WHEN I was young, the “money is the root of all evil” phrase was one I was quite familiar with.
If it was not being bandied about in conversations, there were phrases in books that made me think that without money, life would be quite simple.
In my young mind, money was able to buy the car to take you from point A to B, and buy the food that would keep starvation at bay.
I rationalised at the time that had there not been money in the world, many of life’s problems would probably not have been there.
But it also made sense to me why money would have such a reputation: didn’t Judas Iscariot betray the Son of Man for a few pieces of silver?
Over the years, however, the negative connotations associated with money slowly disappeared.
Money was no longer evil, but rather king.
And suddenly, moola had the power to do the impossible.
Haven’t we seen old men with leathery skins and one foot in the grave pulling young gorgeous models, only because of the depth of their pockets?
Not only would they marry them, but these young women would also end up bearing them children.
Usually young women don’t like being pursued by much older men, as they find the whole idea of an older man wooing a woman barely out of her teens distasteful.
But attitudes seem to change when the one being pursued finds that madala’s pockets are in fact very deep.
Instead of being a “dirty old man”, he would suddenly be “dzaddy” – a term of endearment used to describe a man past his prime but who, according to today’s youngsters, can get it.
Such is the power of money… It has the ability to change an undesirable man or woman into the perfect suitor.
But money also has healing powers and can turn a cloudy day into a bright one.

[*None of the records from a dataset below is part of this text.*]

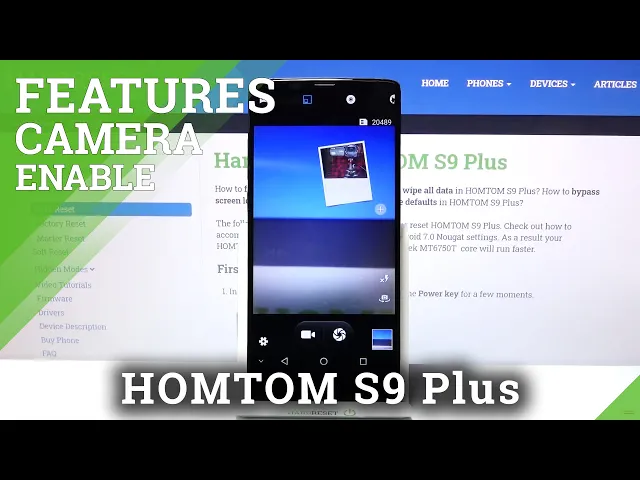 Video thumbnail for HOMTOM S9 Plus and All Camera Options - Camera Preview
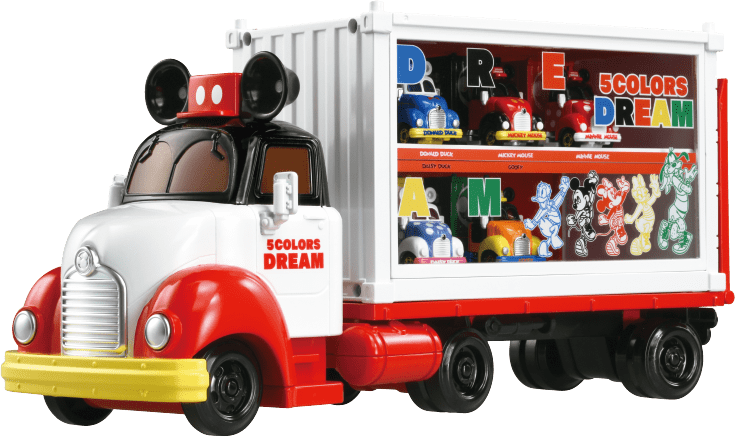 5カラーズドリームキャリー 5colors Dream Carry ディズニーモータース Disney Motors 商品情報 ディズニー のおもちゃ タカラトミー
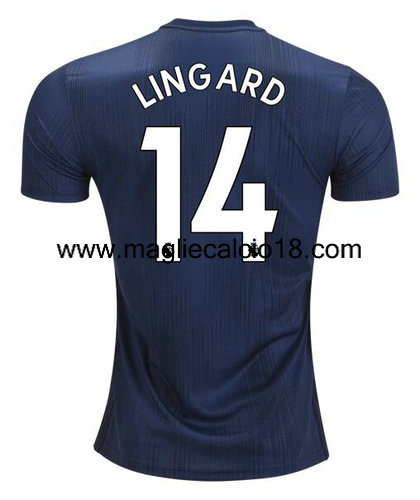 maglia manchester united Lingard seconda divisa 2018-2019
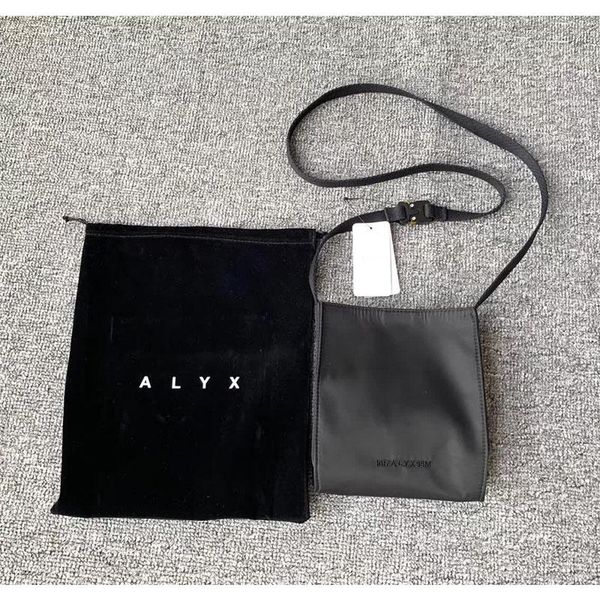 

men women functional metal button alyx bags street wear canvas handbags waist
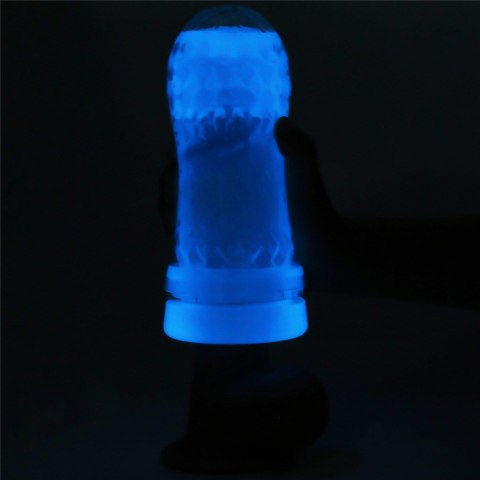 Masturbator podświetlany led z wypustkami 20 cm Masturbator podświetlany led z wypustkami 20 cm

I witnessed this on December 31, when I was home for the festive holidays in Mahikeng.
A friend had requested her employers to rather pay her salary after Christmas because she still wanted to have money left over in January, a month when most people struggle to make ends meet.
But when December 31 dawned, she was becoming uneasy when she did not get the SMS notification that her salary was in her account.

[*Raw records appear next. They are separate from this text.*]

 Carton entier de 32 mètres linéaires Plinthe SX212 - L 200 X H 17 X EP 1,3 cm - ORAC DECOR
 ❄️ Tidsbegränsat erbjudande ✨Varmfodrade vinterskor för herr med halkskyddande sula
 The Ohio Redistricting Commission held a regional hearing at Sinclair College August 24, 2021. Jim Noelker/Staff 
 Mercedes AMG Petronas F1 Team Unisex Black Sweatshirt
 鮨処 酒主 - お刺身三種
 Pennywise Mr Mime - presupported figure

We decided to go into town and check at the ATM.
We got into the car and drove into town in search of one.
She returned from the ATM dejected. There was no money yet, and for the rest of that day she was no longer her bubbly self.
Out of the blue she complained of stomach cramps. While she was still dealing with that, her hands started aching.

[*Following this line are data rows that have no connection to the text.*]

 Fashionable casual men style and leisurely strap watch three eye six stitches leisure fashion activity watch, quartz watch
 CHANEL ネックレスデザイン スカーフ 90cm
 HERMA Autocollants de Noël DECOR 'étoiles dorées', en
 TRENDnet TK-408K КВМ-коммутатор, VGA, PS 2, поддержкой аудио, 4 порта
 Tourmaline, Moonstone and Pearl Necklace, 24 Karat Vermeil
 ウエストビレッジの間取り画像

“I can hardly move them,” she said, clenching them to her chest, while continuing to wallow in her sadness.
But when the SMS came through, it changed everything. The woman who had been ill suddenly perked up.
“Iyoo Gwen (that’s what she calls me), I need to go home and put on some jeans and we need to go into town. I have finally received my money,” she said excitedly.
I couldn’t believe it. Here’s a person who was in agony a few moments ago, rejoicing. She rushed to her house and when she returned, the dress, sandals and doek had been discarded for jeans, sneakers and a weave. She even had make-up on.
The sickly person who had been complaining of aches and pains earlier had vanished. In her place was an energetic young woman wanting to party.
As we later sat outside waiting to cross over to 2019, and watching her do the vosho… I marvelled at the healing power of money.